This is the second in a series of reflections on Matthew 1:16-25.
…and Jacob the father of Joseph the husband of Mary, of whom Jesus was born, who is called the Messiah. – Matthew 1:16 (NRSV)
Joseph lived in a time when men were defined by a kinship society. The household (bet ‘ab: house of the father) was the social and economical foundation of the kinship society. The oldest living male in the family headed the bet ‘ab. Sons of the oldest male (and their wives) were part of the bet ‘ab as were the oldest male’s wife (wives). Unmarried daughters would also be members, but married daughters would leave and go to the bet ‘ab of their husband. All property was held in common until the oldest male died – at which time it was split up among the sons (oldest son getting a double share).
The bet ‘ab was comprised of (at least) three generations (still true in some Palestinian homes in Israel today). Joseph would have lived in his father’s household with Mary and Jesus. The family was defined by the man who headed the bet ‘ab.
But not so for Joseph.
Joseph is first mentioned as “the husband of Mary.” Even when Joseph is described in Matthew 1:19, he is defined by his relationship with Mary before we find out he is a righteous man. Luke takes it even further by placing Joseph in Jesus’ genealogy as “People supposed that [Jesus] was the son of Joseph” (Luke 3:23, CEB).

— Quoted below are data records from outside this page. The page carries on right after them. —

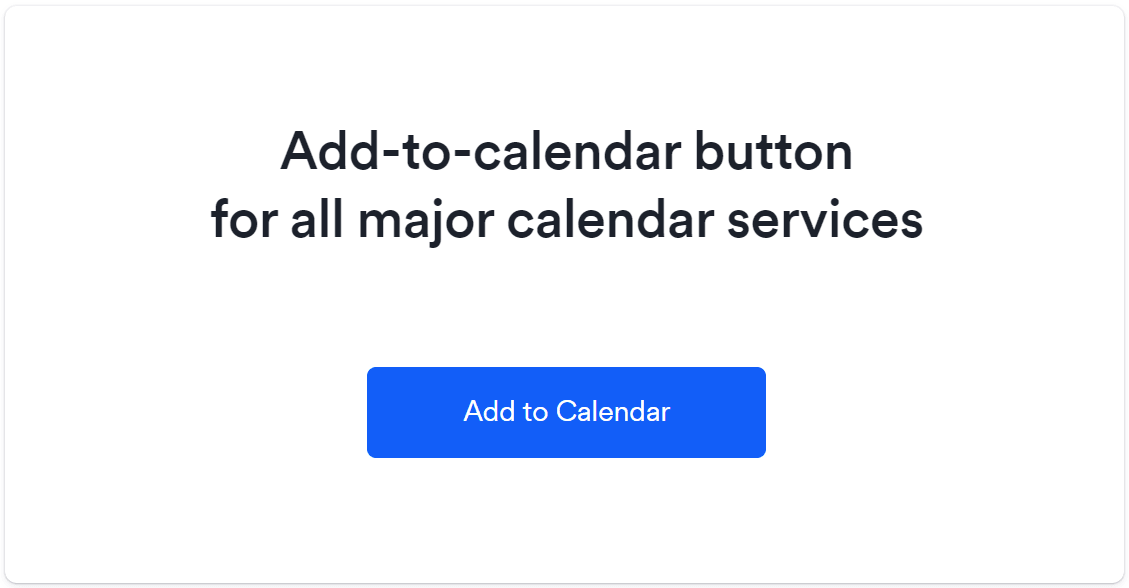 Add to Calendar Button for all major calendar services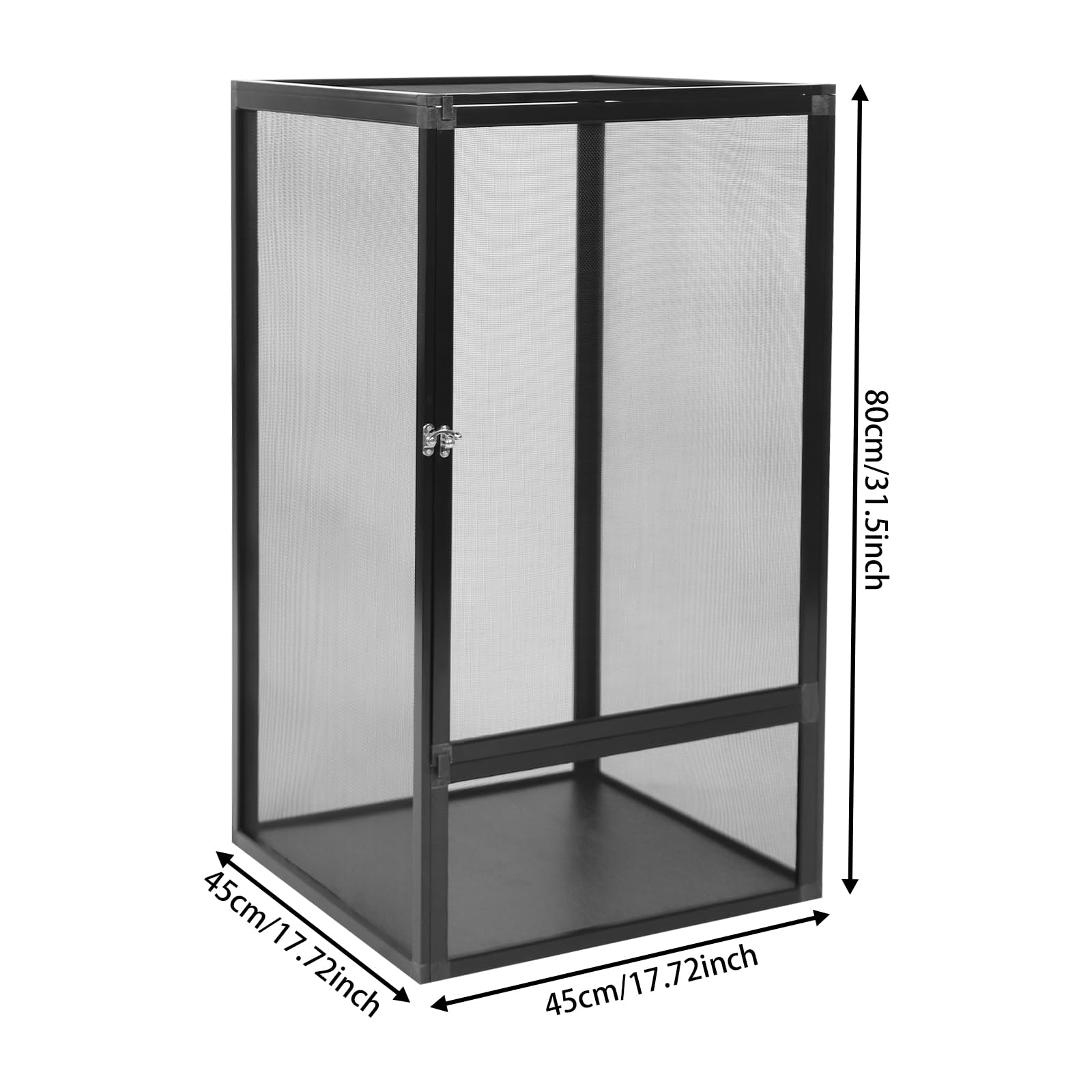 Reptile Pet Feeding Net BoxAluminum Alloy Mesh Cage17.7x17.7x31.5 Micro Habitat Terrarium Enclosure for ChameleonsLizardsSnakesand Small Animals product thumbnail 3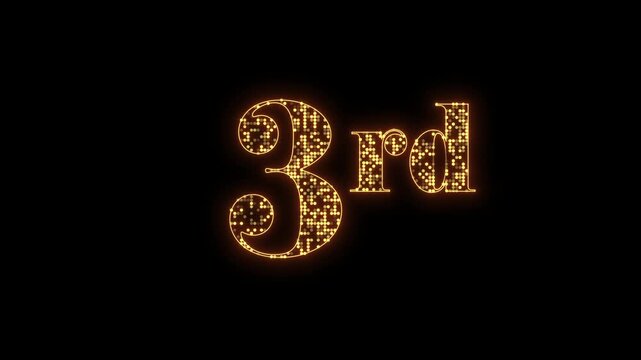 glittering 3rd number three text animation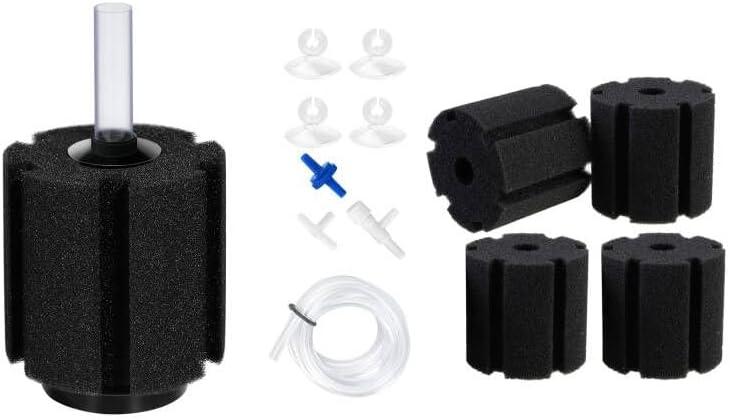 AQUANEAT Aquarium Bio Sponge Filter up to 60Gal 1pc with Airline Tubing, Valves Bundle with 4pcs Sponge Filter Replacement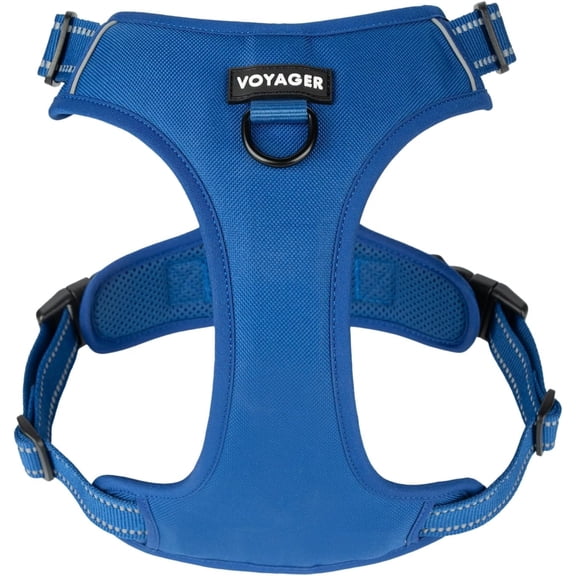 Voyager Dog Harness Dual Leash Attachment No-Pull Control Adjustable Soft but Strong Pet Harness for Medium and Large Dogs with 3M Reflective Technology - Royal Blue Lattice, XS (Chest: 13 - 16")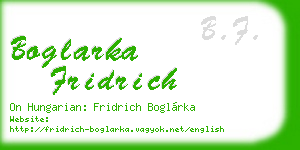 boglarka fridrich business card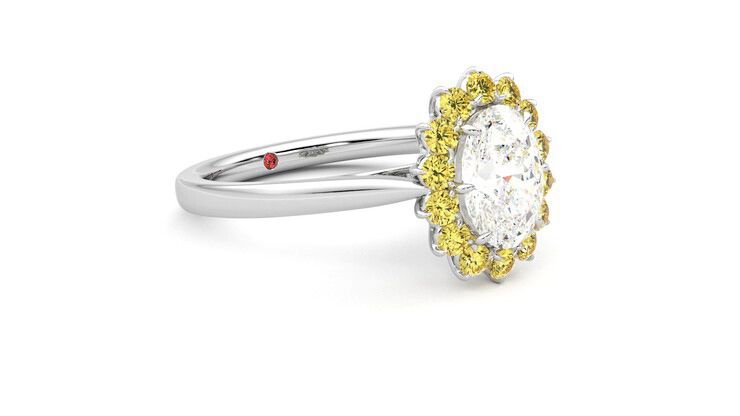 Taylor & Hart Lyra Oval Engagement Ring 360 degree image 6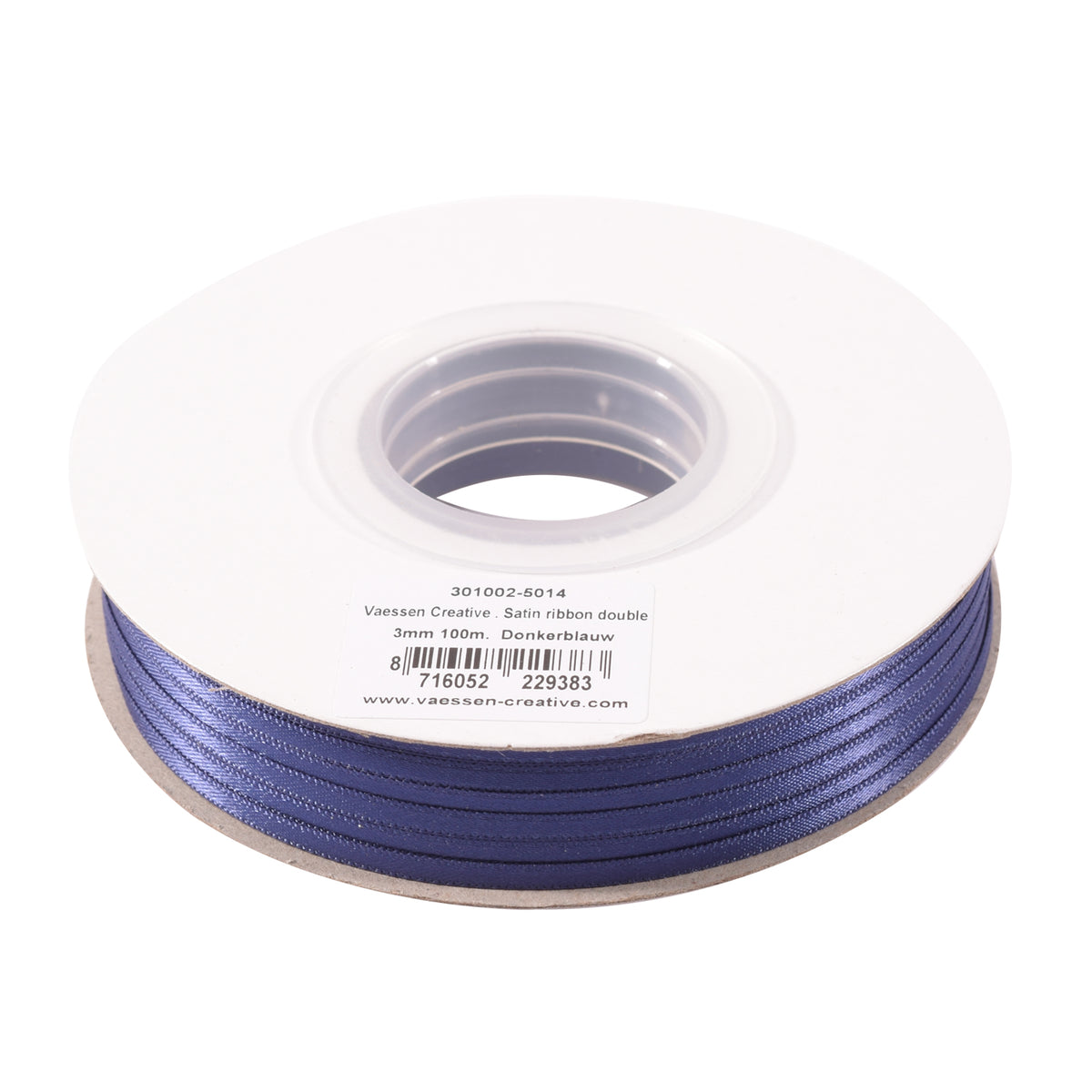 Vaessen creative • satijn lint 3mmx100m donker blauw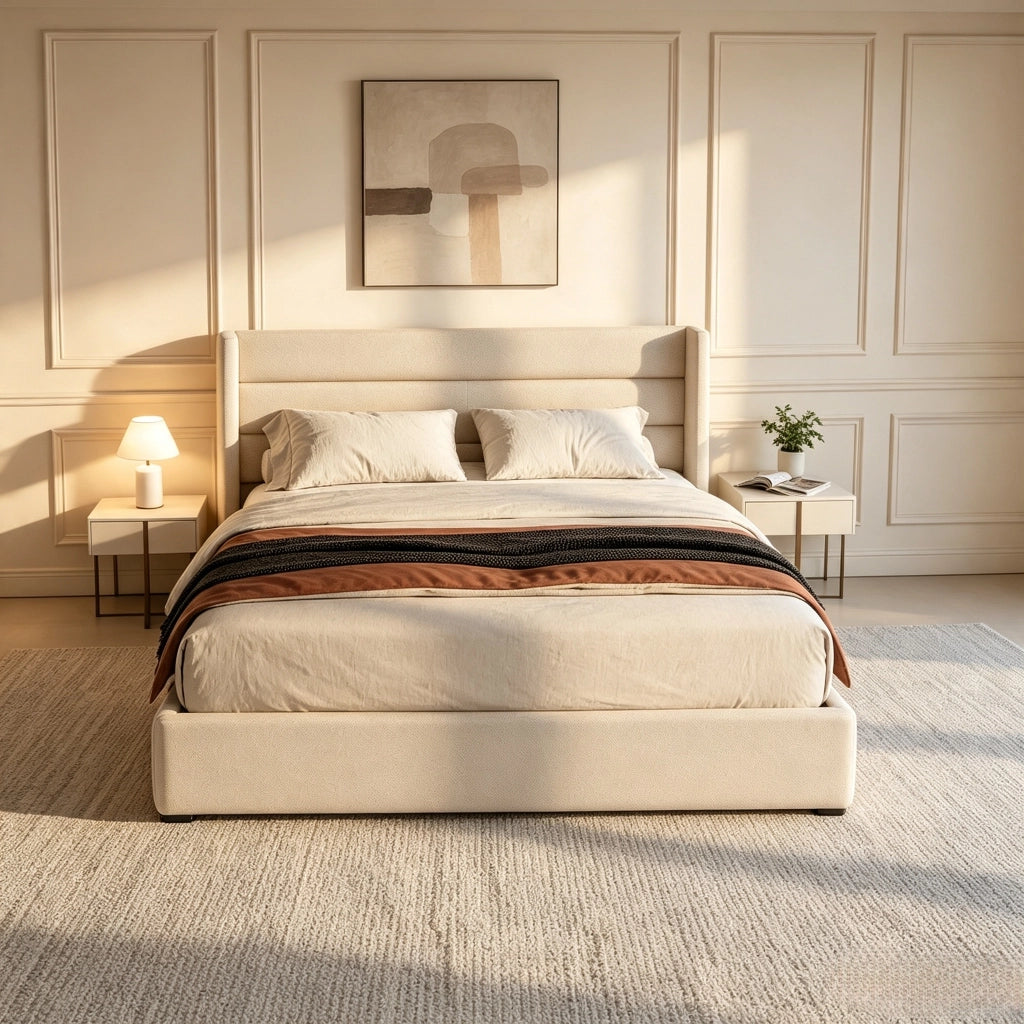 Letto matrimoniale 160x200 cm con contenitore e rete a doghe idraulica letto contenitore matrimoniale con testiera imbottita  struttura letto in legno - beige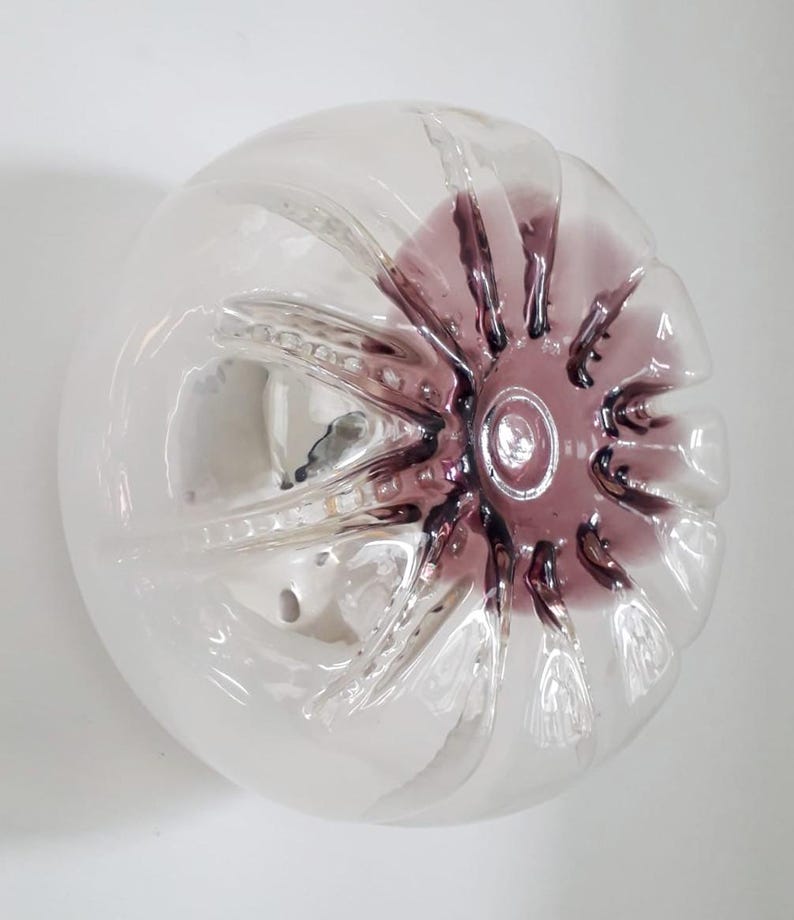 Pu&ograve; includere: Una ciotola di vetro trasparente con una superficie testurizzata e un fondo colorato di viola. La ciotola ha una forma rotonda e un'ampia apertura.
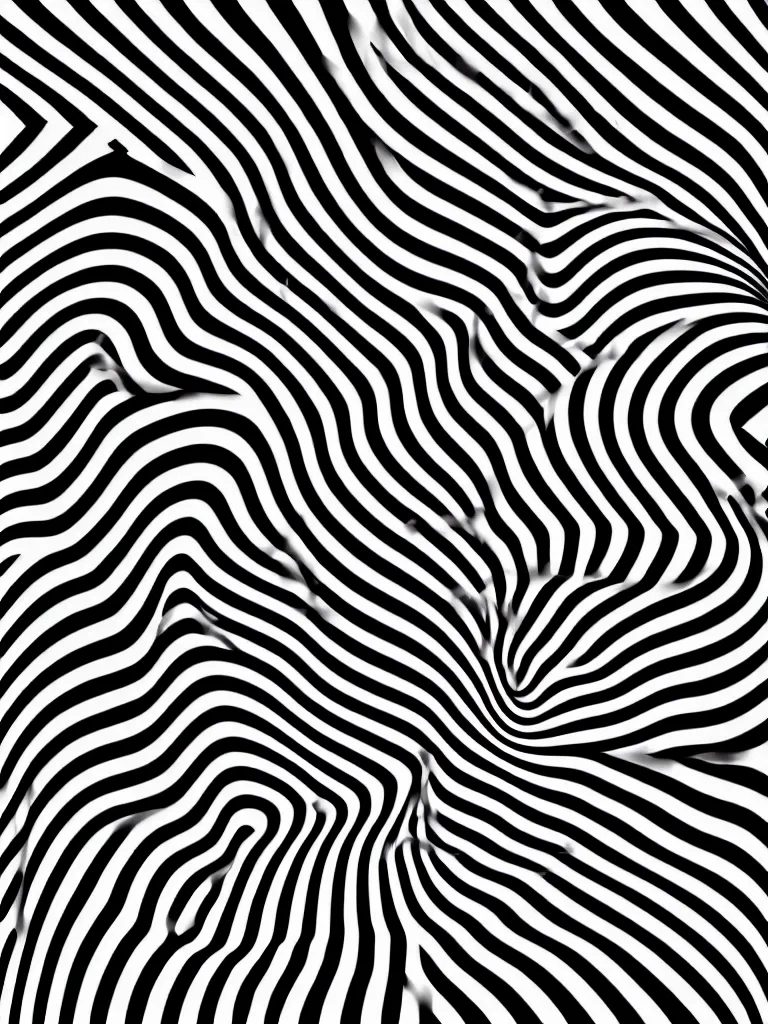 Image similar to a beautiful female face emerging from illusory motion dazzle camouflage perlin noise optical illusion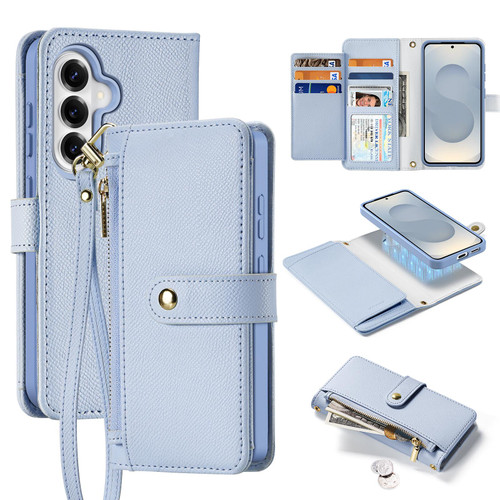 Samsung Galaxy S26 DUX DUCIS Lawa Series 2 in 1 Wallet Zipper Detachable MagSafe Phone Case with Lanyard - Light Blue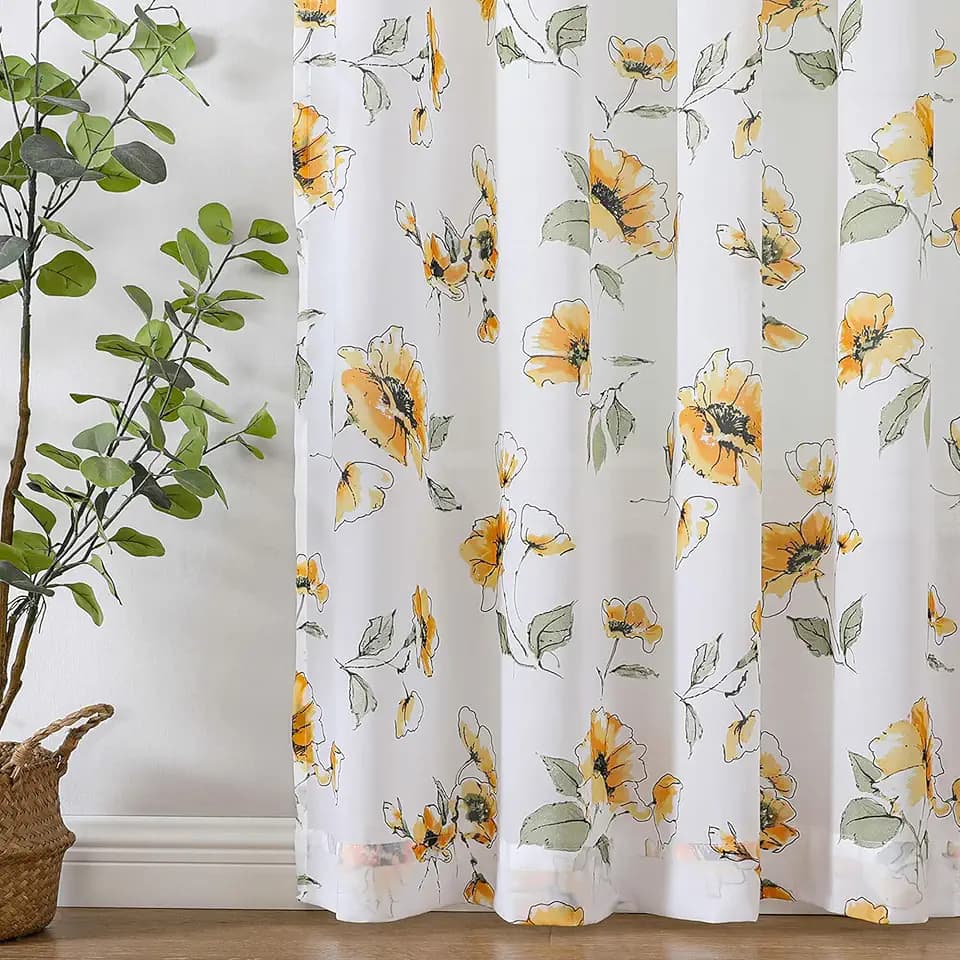 BROSHAN Sheer Curtains 72 Inches Long Floral Yellow - Silky Chiffon Semi-Sheer Privacy Curtain 2 Panels Light Filtering Drapes for Living Room Bedroom, Rod Pocket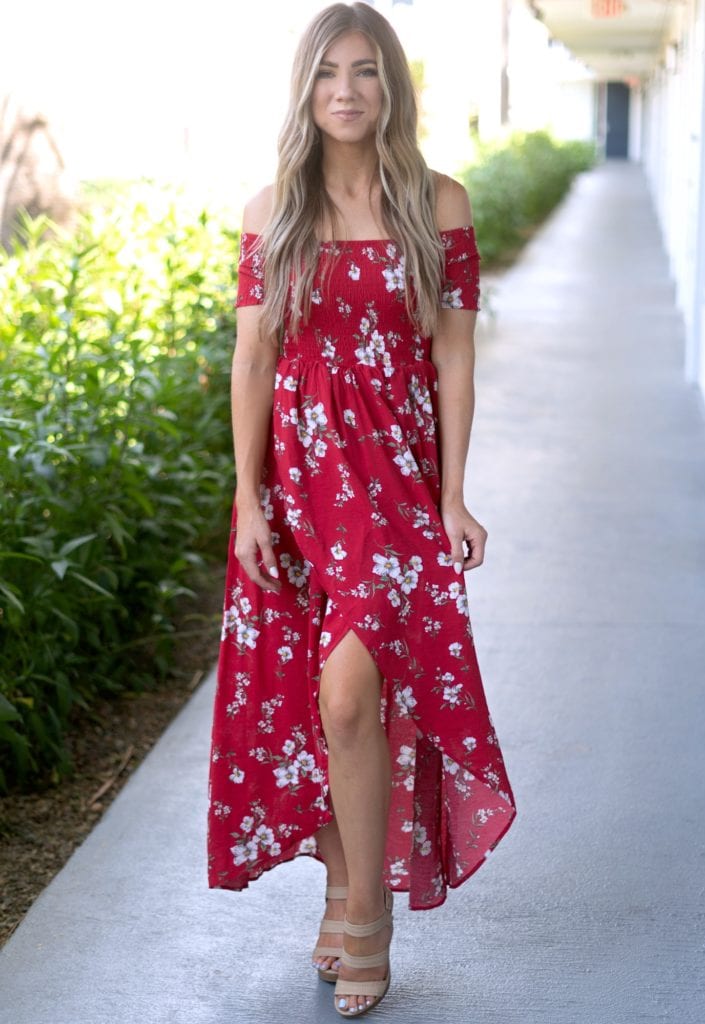 floral wrap dress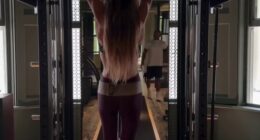 Victoria Beckham unveiled a new look as she debuted long bottom-length hair extensions while working out in her lavish home gym on Instagram on Wednesday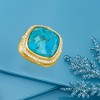 Ross-Simons Turquoise and 0.70 ct. t.w. White Zircon in 18kt Gold Over Sterling - 4 of 4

Mary had her Magnificat, but Joseph doesn’t even speak in Scripture!
I don’t know that we think about Joseph very much. I once did a children’s message about family. I put pictures and objects into the manger to represent how big our family is in Christ. I asked the kids to pick something out of the manger for us to talk about. No one picked Joseph. He was left there all by himself. If Joseph hadn’t agreed to take Mary as his wife and be Jesus’ foster dad, we wouldn’t even know his name. It was in a quiet way, Joseph said “yes” and created a home for our Lord.
During Advent, I wonder a lot about Joseph. Was the dream from the angel of the Lord enough to make Jesus a “wanted” child to Joseph? Did Joseph ever hold Jesus in his arms and see him as his son? Did the shame of bringing an adulterous wife and another “man’s” son into the bet ‘ab ever go away?
Joseph is not given the opportunity to say “yes” or “no” before God’s plan begins to unfold – but he is just as faithful and obedient as Mary. But more about Joseph tomorrow.
Take time this week to observe those who are overlooked in our society (do you even look at the person in the drive thru that hands you your food or coffee). Pray for them and give thanks for their quiet role in your life.
One Thought to “Advent Reflections: Joseph, the Husband of Mary”
Many are the reflection on Mary as we draw near Jesus’ natal day. Yours is the first this year I’ve seen/read/reflected on about Joseph.
And I like your homework assignment. “Take time this week to observe those who are overlooked in our society …. Pray for them and give thanks for their quiet role in your life.”